Here’s a brainteaser for my readers and especially for those who reenact during the Georgian Era. What game, dating back to at least the 15th century, do some researchers credit as a possible origin for Cricket, Rounders and Baseball? I’ll give you a couple more clues. In the early periods, it was often associated with Easter time. It also would be a great game for demonstrating at a living history event, and even involving the public, since both men and women played it. Give up? Well, the answer is Stoolball! Never heard of Stoolball?
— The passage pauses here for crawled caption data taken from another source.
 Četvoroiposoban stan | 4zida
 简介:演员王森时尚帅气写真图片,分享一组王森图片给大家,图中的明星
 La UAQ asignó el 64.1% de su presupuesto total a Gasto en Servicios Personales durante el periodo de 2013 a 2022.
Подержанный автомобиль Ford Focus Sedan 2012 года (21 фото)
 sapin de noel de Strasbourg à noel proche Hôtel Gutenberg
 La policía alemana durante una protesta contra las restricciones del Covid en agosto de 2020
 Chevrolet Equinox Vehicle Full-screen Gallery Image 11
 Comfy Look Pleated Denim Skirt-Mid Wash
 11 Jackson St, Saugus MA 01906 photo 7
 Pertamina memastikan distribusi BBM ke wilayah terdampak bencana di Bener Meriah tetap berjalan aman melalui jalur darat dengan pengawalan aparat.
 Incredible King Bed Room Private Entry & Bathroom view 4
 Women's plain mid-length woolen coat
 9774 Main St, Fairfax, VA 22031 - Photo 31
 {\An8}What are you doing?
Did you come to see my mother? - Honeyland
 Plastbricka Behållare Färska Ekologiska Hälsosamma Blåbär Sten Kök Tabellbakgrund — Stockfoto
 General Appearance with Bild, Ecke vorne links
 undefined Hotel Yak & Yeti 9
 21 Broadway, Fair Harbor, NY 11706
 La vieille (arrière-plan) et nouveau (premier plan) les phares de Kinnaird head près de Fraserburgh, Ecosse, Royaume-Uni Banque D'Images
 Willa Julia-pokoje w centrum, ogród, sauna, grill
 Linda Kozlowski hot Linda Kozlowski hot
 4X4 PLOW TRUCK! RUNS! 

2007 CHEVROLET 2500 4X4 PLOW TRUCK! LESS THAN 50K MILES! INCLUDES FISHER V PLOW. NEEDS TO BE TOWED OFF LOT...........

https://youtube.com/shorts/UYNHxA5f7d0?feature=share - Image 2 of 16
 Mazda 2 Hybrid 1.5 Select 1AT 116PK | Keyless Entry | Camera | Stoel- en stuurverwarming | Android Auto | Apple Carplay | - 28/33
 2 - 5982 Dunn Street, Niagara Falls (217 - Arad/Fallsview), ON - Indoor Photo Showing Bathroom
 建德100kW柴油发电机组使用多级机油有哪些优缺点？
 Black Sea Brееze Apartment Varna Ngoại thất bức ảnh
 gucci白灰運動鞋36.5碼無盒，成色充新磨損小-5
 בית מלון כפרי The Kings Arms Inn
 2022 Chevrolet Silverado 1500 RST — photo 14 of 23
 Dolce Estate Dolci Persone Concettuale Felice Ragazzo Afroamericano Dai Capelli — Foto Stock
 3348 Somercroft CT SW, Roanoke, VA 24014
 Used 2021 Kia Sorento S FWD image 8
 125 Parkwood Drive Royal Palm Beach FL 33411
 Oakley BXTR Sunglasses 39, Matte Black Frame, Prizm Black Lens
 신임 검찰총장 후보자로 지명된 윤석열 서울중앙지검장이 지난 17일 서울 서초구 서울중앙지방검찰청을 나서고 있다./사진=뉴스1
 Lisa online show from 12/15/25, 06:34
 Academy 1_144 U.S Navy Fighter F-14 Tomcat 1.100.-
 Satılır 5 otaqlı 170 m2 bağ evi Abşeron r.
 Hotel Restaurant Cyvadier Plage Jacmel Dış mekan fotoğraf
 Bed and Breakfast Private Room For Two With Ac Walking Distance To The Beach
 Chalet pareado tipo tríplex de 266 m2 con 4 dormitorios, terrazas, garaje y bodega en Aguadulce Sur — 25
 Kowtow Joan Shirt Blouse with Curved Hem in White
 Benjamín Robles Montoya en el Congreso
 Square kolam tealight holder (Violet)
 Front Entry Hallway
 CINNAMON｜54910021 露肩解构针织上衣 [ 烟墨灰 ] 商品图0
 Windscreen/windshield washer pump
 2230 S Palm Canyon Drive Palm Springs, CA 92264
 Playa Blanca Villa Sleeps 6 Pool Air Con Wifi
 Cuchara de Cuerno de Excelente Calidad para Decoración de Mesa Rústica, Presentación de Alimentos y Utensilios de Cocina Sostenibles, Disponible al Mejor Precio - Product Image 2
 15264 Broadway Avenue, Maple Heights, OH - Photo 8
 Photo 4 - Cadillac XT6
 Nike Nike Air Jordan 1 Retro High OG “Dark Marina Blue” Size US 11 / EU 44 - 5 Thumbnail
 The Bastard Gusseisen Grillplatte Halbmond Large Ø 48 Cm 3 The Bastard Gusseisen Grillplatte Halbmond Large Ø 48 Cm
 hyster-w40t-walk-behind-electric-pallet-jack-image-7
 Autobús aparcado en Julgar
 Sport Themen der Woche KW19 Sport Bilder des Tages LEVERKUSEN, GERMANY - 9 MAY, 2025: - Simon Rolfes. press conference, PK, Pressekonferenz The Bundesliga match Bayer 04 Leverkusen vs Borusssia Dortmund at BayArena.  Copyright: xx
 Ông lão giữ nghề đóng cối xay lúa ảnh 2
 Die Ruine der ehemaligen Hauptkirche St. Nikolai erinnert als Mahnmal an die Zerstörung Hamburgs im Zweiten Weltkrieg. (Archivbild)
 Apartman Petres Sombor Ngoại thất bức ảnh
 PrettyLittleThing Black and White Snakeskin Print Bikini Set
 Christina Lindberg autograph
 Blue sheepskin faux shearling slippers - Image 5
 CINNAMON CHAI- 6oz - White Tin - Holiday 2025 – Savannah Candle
Well, it is not a game involving cow patties but you can read on to learn about this historic game that is still played today.
Stoolball is one of the best-documented of the early ballgames, with more than sixty possible references to its play between 1086 and 1861. (The Protoball Project, 2015) A manuscript from 1344 in the Bodleian Library at Oxford (No. 264) reflects a game of club and ball. “One player throws that ball to another who holds a vicious-looking club. He defends a round object which resembles a stool but with a base instead of legs. . .” David Block cites John Myrc’s work, “early poetic instruction of priests,” as “How thow schalt thy paresche preche,” London. It warns “Bal and bares and suche play/ Out of chyrcheyorde put a-way.” A note reportedly inserted by another author included among the banned games “tenessyng handball, fott ball stoil ball (stoolball) and all manner other games out churchyard.” (Block, 2005) In 1564, complaints were made to the justices sitting at the midsummer session, at Malden, Surrey, that the constable (himself possibly an enthusiast with the stool and ball) suffered stoolball to be played on Sunday. (Russell-Goggs, 1928)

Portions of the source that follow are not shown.